Monday, August 30th, 2010

By Phil Schlechty

In my last blog post I talked about the fact that to make complex ideas “stick” (a term I have borrowed from Chip and Dan Heath), it is essential to distill the ideas down to their core elements. My goal here is to illustrate what I mean by this assertion by discussing a problem I have confronted for a long time.

            Three sets of ideas have driven me since my earliest days as a teacher. First, as a student at The Ohio State University, I came into contact with many professors in the School of Education who helped me to understand that learning is an active process and that students learn best when they are confronted with compelling problems and issues that call upon them to reflect and create solutions. I never got over these ideas, and I am still struggling to understand all that I think I know about them.

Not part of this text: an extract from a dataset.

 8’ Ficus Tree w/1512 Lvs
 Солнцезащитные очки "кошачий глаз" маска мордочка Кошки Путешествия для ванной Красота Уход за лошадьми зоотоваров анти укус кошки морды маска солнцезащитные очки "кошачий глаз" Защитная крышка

            Second, as a result of experience and study, I have come to the conclusion that the bureaucratization of schools, the removal of schools from the control of communities, and the embedding of control of schools in governmental agencies is a major impediment to quality education—especially if creativity, problem solving, inquiry, and knowledge work, as well as mastery of traditional subjects, is included in the definition of quality. 

            Finally, I have concluded that the primary job of the teacher is to create conditions in which students became emotionally and intellectually engaged in the pursuit of solutions to problems and in the exploration of possibilities, and that these conditions should be orchestrated in a way that encourages students to learn what they need to learn to participate fully and meaningfully in the society and culture where they will live out their lives. 

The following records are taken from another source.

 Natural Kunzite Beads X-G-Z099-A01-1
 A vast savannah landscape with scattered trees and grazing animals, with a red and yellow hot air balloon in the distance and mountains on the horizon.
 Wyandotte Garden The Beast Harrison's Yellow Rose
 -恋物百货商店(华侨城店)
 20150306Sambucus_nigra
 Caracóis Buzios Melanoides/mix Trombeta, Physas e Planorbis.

            Now, that is a lot to unbundle, and in spite of over 40 years of disciplined work and having written nine books, I still feel that I am on the “cutting edge of ignorance” with regard to these issues. In the past couple of years, however, I have come up with some simplifying statements that seem to me to come to the core of what I think I have learned.

            First, while I say that I am concerned with transforming schools from bureaucracies to learning organizations (and I am), stripped to its essential core, what I am really up to is transforming schools from teaching platforms to learning platforms.

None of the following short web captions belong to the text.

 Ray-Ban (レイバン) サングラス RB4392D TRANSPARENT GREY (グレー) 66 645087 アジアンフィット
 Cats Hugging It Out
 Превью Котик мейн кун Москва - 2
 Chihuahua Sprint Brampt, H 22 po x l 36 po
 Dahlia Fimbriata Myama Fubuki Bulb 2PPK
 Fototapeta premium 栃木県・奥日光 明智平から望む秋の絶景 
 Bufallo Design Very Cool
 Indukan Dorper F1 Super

The terms teaching platform and learning platform seem to be ideas that stick. They invite further discussion and exploration, whereas the terms bureaucracy and learning organization are not especially inviting terms and sometimes shut discussion down. Indeed, unless one has a relatively sophisticated understanding of the literature on complex social organizations, the words bureaucracy and learning organization are apt to be viewed as nothing more or less than buzzwords and jargon. I have found, however, that when I say that what we must be about is transforming schools from teaching platforms to learning platforms, the ideas seem to resonate more and stick longer.  

This is a beginning. But if the conversation stops there, all we have is a slogan. If, however, we use the idea of platform as a beachhead from which to launch a larger assault on conventional ways of framing the problems of schooling, we may be on our way to thinking about schools in more productive ways. 

            Second, in recent months I have taken to suggesting that a part of this transformation is moving schools from being a push environment to being a pull environment. Sometimes I use a picture of a person with a megaphone to illustrate what I mean by a push environment and an image of student doing a computer search to illustrate what I mean by a pull environment. Sometimes I illustrate these points by showing pictures of bored students listening to what must be a poorly constructed lecture and then contrasting the photos with a video of students actively engaged in querying an expert about a subject of interest to them.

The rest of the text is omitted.